With acute pancreatitis, patients feel nauseous and sometimes have severe vomiting.

Increased Amylase and Lipase
Up-arrow Animal-cracker-laser and Lip-laser

Elevated serum amylase and lipase levels, in combination with severe abdominal pain, often trigger the initial diagnosis of acute pancreatitis. However, enzymes have no role in assessing disease severity. Lipase is more sensitive for alcohol-induced pancreatitis, and if the lipase level is about 2.5 to 3 times that of amylase, it is suggestive of pancreatitis due to alcohol. Lipase is also more specific than amylase.

Disseminated Intravascular Coagulation (DIC)

Pancreatitis may progress to DIC (disseminated intravascular coagulation), which is a consumptive thrombotic-hemorrhagic disease. It may present with abnormal bleeding, kidney or liver failure, and shock.


Pancreatic necrosis can subsequently lead to infection. Pathogens are typically gut microflora such as E. coli or Klebsiella. Treatment includes antibiotics and/or surgical debridement.


This is caused primarily by precipitation of calcium soaps in the abdominal cavity. When the pancreas is damaged, free fatty acids are generated by the action of pancreatic lipase. Insoluble calcium salts are present in the pancreas, and the free fatty acids avidly chelate the salts, resulting in calcium deposition in the retroperitoneum (saponification). Hypocalcemia can present with tetany.

Systemic Inflammatory Response Syndrome (SIRS)

SIRS (systemic inflammatory response syndrome) is a serious complication of acute pancreatic disease and occurs due to cytokine activation and widespread systemic inflammation. SIRS is associated with multi-organ failure, notably ARDS (acute respiratory distress syndrome) and renal failure, as well as shock.

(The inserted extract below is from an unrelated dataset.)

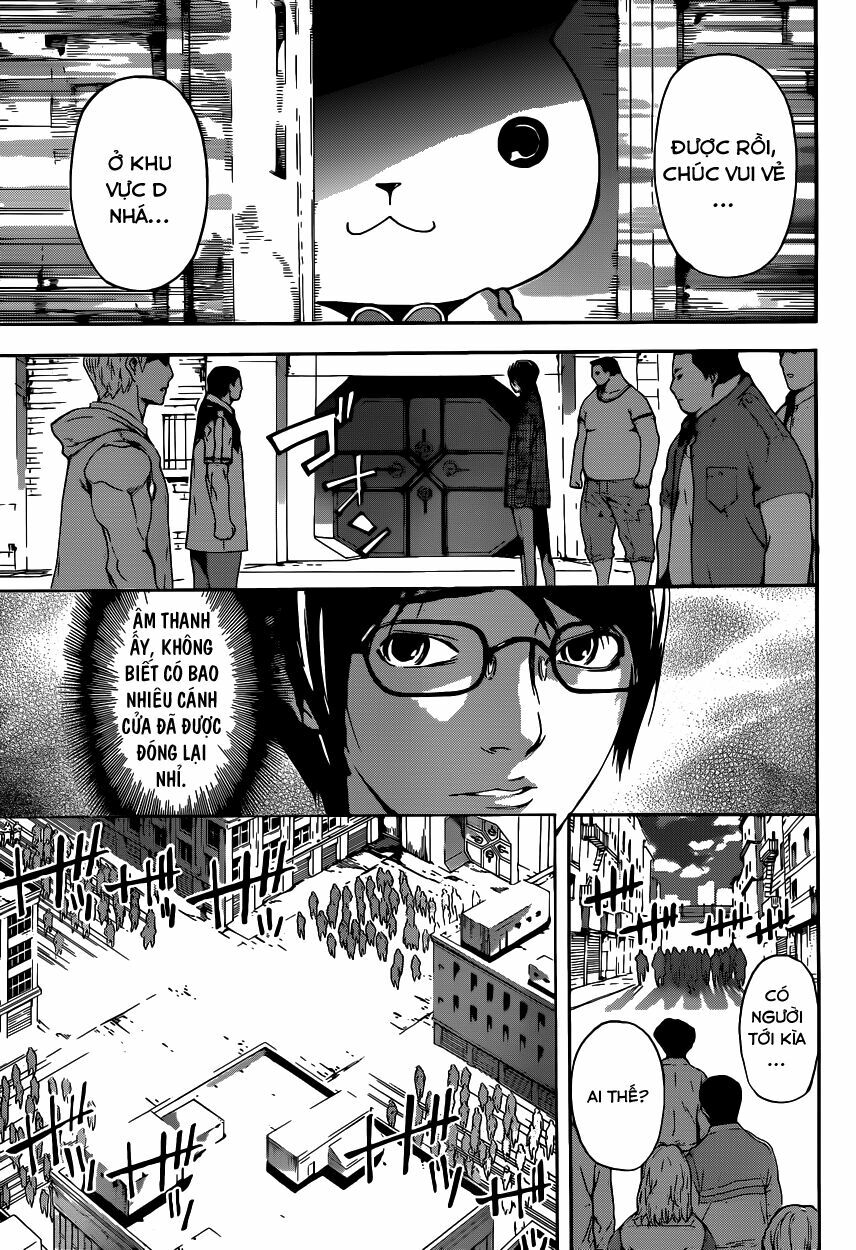 Area D: Chapter 11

Acute Respiratory Distress Syndrome (ARDS)
Acute-angle Lungs Shooting Flare-gun

ARDS (acute respiratory distress syndrome) is a serious complication of acute pancreatic disease and occurs due to widespread systemic inflammation. It often manifests as dyspnea in patients with acute pancreatic disease.

Pancreatic Pseudocyst
Pancreas Sumo-sisters

Pancreatic pseudocyst is a circumscribed collection of fluid rich in pancreatic enzymes, blood, and necrotic tissue. It is lined with granulation tissue. Disruption of pancreatic parenchyma and the ductal system results in extravasation of pancreatic enzymes, which in turn digest the adjoining tissues. This results in a collection of fluid containing pancreatic enzymes, hemolyzed blood and necrotic debris around the pancreas usually around four weeks after the onset of pancreatitis. Treatment can include endoscopic drainage or surgery.


Acute necrotic destruction of pancreatic parenchyma, fat, or local vessels can lead to life-threatening hemorrhage. Rupture of a pancreatic pseudocyst can also lead to hemorrhage a few weeks after the initial presentation of pancreatitis.